The data lake has increased the potential of analytics with an order of magnitude but that doesn’t exclude the need for well-structured transaction data. I can show you customer cases where there is a round trip between unstructured data analysis leading to improvements on the structured data model which in its turn,… you get the idea. By the way, one of the functions of a data lake is segmenting the data according to their (presumed) frequency of use and use expensive storage for “gold” data and cheaper versions for “silver” and “bronze”. This can also become a pain if the data requirements change.
“KPI’s change” yes, because questions change but the objects remain the same, so it’s a synonym for data changes and changing KPI’s can be the result of a business change because new critical success factors come into the picture and new capabilities are required (cfr. supra). That’s a no-brainer for any enterprise architect, and I count a data architect as an enterprise architect with your permission.
In conclusion
Now it’s time to address your issues with performance, Dave. In a serverless computing world we need to translate this into “performance costs” right? Because the compute power scales horizontally with increasing information demands. And then there is still the old materialised view approach that is a valid solution: you can also materialize those data marts into tables with partitioning and clustering because you said it yourself that storage is cheap and compute time is expensive.
I understand you need to propel a new way of working with a new tool that supports this way of working.
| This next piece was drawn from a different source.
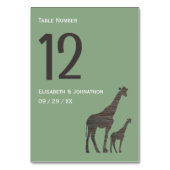 Numéro De Table Giraffe Safari d'argile, Mariage rustique (Dos)
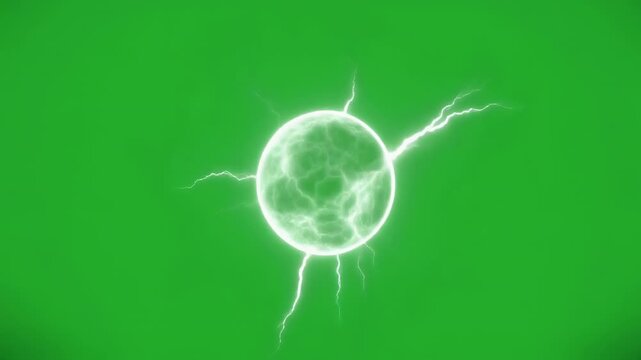 Glowing white electric energy ball with lightning bolts pulsating on green screen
But you needn’t do this by arguing against a comprehensive architectural framework that integrates business processes, applications and data to produce flexible, future proof solutions for the information demands of the business. Tools like DBT, Snowflake, Firebolt and other Incorta’s can perfectly interpret logical star schemas that are well understood by the business and fit these in column stores that have been around for thirty years.
I wish you all the best in your endeavours but please Dave, separate technical implementation from business analysis and modelling down to a logical data architecture. I have seen it many times when new technologies were introduced: the clutter and buzzwords became so overwhelming that the business just decided to do nothing and wait till the dust had settled. Meanwhile, the gorillas in the market are sharpening their knives to either kill, pre-empt growth or acquire the companies in their infancy and bury it in their product portfolio. And that is not what any tech start-up is looking for isn’t it?
Ralph, a serial tech entrepreneur, could tell you a few stories about technology adoption cycles. But don't hesitate to give me a call or drop me a line, I also have a few stories to tell.
Epilogue
Please don’t frame me as a Kimball groupie. I have documented tough questions for the master like these here. Modern data architecture discipline needs to reconcile proven technology with innovation. In this case, there is no conflict between the two. Let’s all benefit from that situation.
Post Scriptum:
There is a need for well vetted transactional data and these use cases can never be supported by instantiating wide tables on an ad hoc basis. You need a trusted batch process, using trusted (master) data, e.g. financial, logistic, customer or competitive analysis and reporting.
The combination of a data lake and a “classical” star schema based data warehouse will create the best of both worlds. But even in that environment, data scientists need time and insight to produce meaningful results. They will extract, prepare and pre-process data from the lake before they either formulate and test a hypothesis or have machine learning algorithms like support vector machines, neural nets discover hidden relationships that may provide extra meaning…